Dec 26 '23 08:12 zhudongwork

refer to #4913

Install DeepSpeed from the latest source code and consider utilizing DeepSpeed-MII for optimal performance.

Jan 14 '24 12:01 ZonePG

refer to #4913

Install DeepSpeed from the latest source code and consider utilizing DeepSpeed-MII for optimal performance.

@ZonePG Thank you for your awesome work! I tried the following code(as jiahe7ay did):

from transformers import AutoModelForCausalLM, AutoTokenizer
from transformers.generation import GenerationConfig
import deepspeed
from deepspeed.ops.transformer.inference import DeepSpeedTransformerInference
import torch
#import time
tokenizer = AutoTokenizer.from_pretrained("/data3/mnt/Qwen-VL-master/checkpoints/qwen/Qwen-VL-Chat", trust_remote_code=True)
model = AutoModelForCausalLM.from_pretrained("/data3/mnt/Qwen-VL-master/checkpoints/qwen/Qwen-VL-Chat", device_map="auto", trust_remote_code=True).eval()
inputs = tokenizer('DeepSpeed is', return_tensors='pt')
inputs = inputs.to(model.device)

model = deepspeed.init_inference(
    model=model,          
    dtype=torch.float16, 
    replace_method="auto", 
    replace_with_kernel_inject=True, 
)

assert isinstance(model.module.transformer.h[0], DeepSpeedTransformerInference) == True, "Model not sucessfully initalized"

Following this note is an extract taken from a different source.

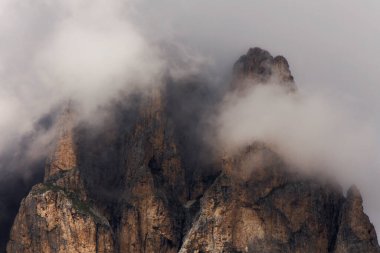 İtalyan dağlarının zirvelerinde dramatik bir gökyüzü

and found that the assert still failed and the inference speed did not speed up. Is it because of Qwen-VL’s Vision head? How should I use deepspeed acceleration correctly?

Jan 15 '24 13:01 rayquazaMega

@rayquazaMega I have not used the VL model, I think it's not well-supported currently. For Chat or Base model, I would like recommend deepspeed-mii, it's describled in https://github.com/microsoft/DeepSpeed/tree/master/blogs/deepspeed-fastgen and https://github.com/microsoft/DeepSpeed-MII

Jan 15 '24 16:01 ZonePG